Thursday, March 27, 2008

Talking to Your Readers

Next to actually having a good day of writing, what could be better than getting to talk to your readers or potential readers. So that makes last night, my first time of book reading, signing and selling at the Westwood Library a fully great experience.

Even when you say you're not nervous, the prospect of being alone in a room when you're hoping to read to the public is daunting. It conjures up every memory of a time when you were stood up or ignored starting back with grade school, when your second grade crush walked right by you without a glance.

But life has a way of evening the score sometimes, so there I was watching the room fill up with both strangers and the friends who surprised me by coming. You get to qvell about your characters, hoping people will find them as interesting as you did for so many years of your life. When they sit there, listening, quiet and attentive, then ask intelligent questions, well is there anything better? Not for a writer there isn't.

And when they come up and plunk their moneys down in order to buy a copy, that's just the cherry on the whipped cream on top of the cake. And not fattening either. It's definitely a good day. And it makes the next writing project seem a little bit more validating, as you sweat over the research, the characters that become frozen, the drama that doesn't feel dramatic.

Such is the joys of writing!

Monday, March 10, 2008

Woman Writer On the Stage with Ed Asner, Keith Carradine, Fran Dresher, etc.

No one but could ever say I had a career in the theater, even though I spent several years in New York studying with Herbert Berghof, Bill Hickey, Lee Strasberg, Allan Miller, also appearing in strange little venues, where the director would come back and say, "Tonight we're doing one for ourselves, kids!" That was because there was more of us on stage than in the audience. Still once, someone came up to me at concert at Cooper Union and told me they had enjoyed me in a play I had been in, so you never know.

But anyway, this weekend I had a taste of being on stage again, as I volunteered to help my friend Stephanie with a festival of play-readings she produced (including two of her own) which benefitted the WGA Support Fund helping non-writers who were affected by the strike. I thought it would be just narrating the stage directions in one or two plays, but it turned out to be all six of them, both days, all day starting with rehearsals in the morning. Geez, I forgot how tired you can get just sitting talking. But the plays were fun and serious and poignant and poetic. People who didn't see it and didn't know about it missed a great weekend of theater. How often does a complete unknown get to share the stage with Ed Asner, Keith Carradine, Ralph Waite, Frances Fisher, Melanie Mayron and Fran Drescher. It made me want to write something theatrical, as well as getting back into my novel.
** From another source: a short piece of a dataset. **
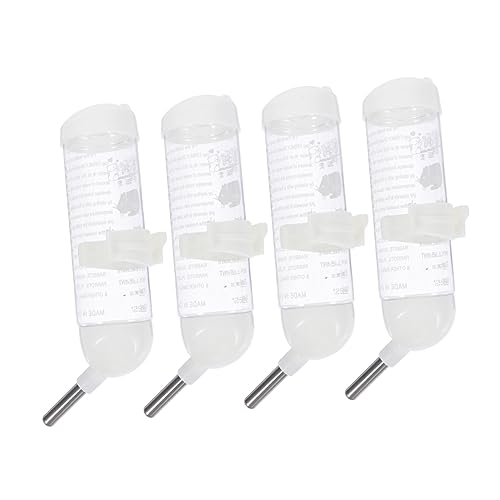 MERRYHAPY 4er Set 125ml Haustier Wasserflasche Auslaufsicherer Trinkspender Für Hamsterkäfige Praktischer Wasserspender Für Kleintiere Ideal Als Futter Und Wasserspender MERRYHAPY 4er Set 125ml Haustier Wasserflasche Auslaufsicherer Trinkspender Für Hamsterkäfige Praktischer Wasserspender Für Kleintiere Ideal Als Futter Und Wasserspender von MERRYHAPY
Oh lord, I'm running out of excuses as to why I'm not writing. Discipline, self-discipline, strict daily discipline. It doesn't count if you only think about writing, only if you sit down and write. Janet Fitch always told us it was a muscle which needed to be exercised every day. So I'm off to write. You too, I hope.

Saturday, March 1, 2008

Woman Writer Abroad in the World of Pre-Owned Cars

I'm feeling very pleased with myself today but unfortunately it has nothing to do with writing. I had decided to get a new car, actually a pre-owned one. Notice how no one calls it "used" anymore, it's pre-owned. And for that privilege they charge more. However, as much as I have loved all my Volvos (3), especially the ones that safely crumpled after being hit, I decieded that a Prius, which gets about 45 miles to the gallon, might be the better part of valor, with gas prices surging upwards (thank you President Bush). But buying or even looking at cars is not my thing. First of all I know very little about cars and I always feel that I'm being taken. Bargaining or negotiating is also not my thing because I know I'm being taken.

Still I really think I did okay this time. I knew that Priuses were good, Toyota is good (my first two cars were Toyotas) and I checked out on the internet, what the "pre-owned" ones went for. Then I kept saying no until they came down, agreed to let me test drive the car all weekend, and then the next day agreed to lower the price yet again. I still feel that they must have taken me, because they gave in, but the car drives well and I'm happy, so what the hell. Writers aren't negotiators, they can't do math as Janet Fitch used to say, but with a fully loaded car, 45 miles to the gallon, how miserable should I be!

(Someday I'm going to faint dead away because someone will have actually read my blog and left a comment, even harsh criticism would be welcome. Well, not too harsh).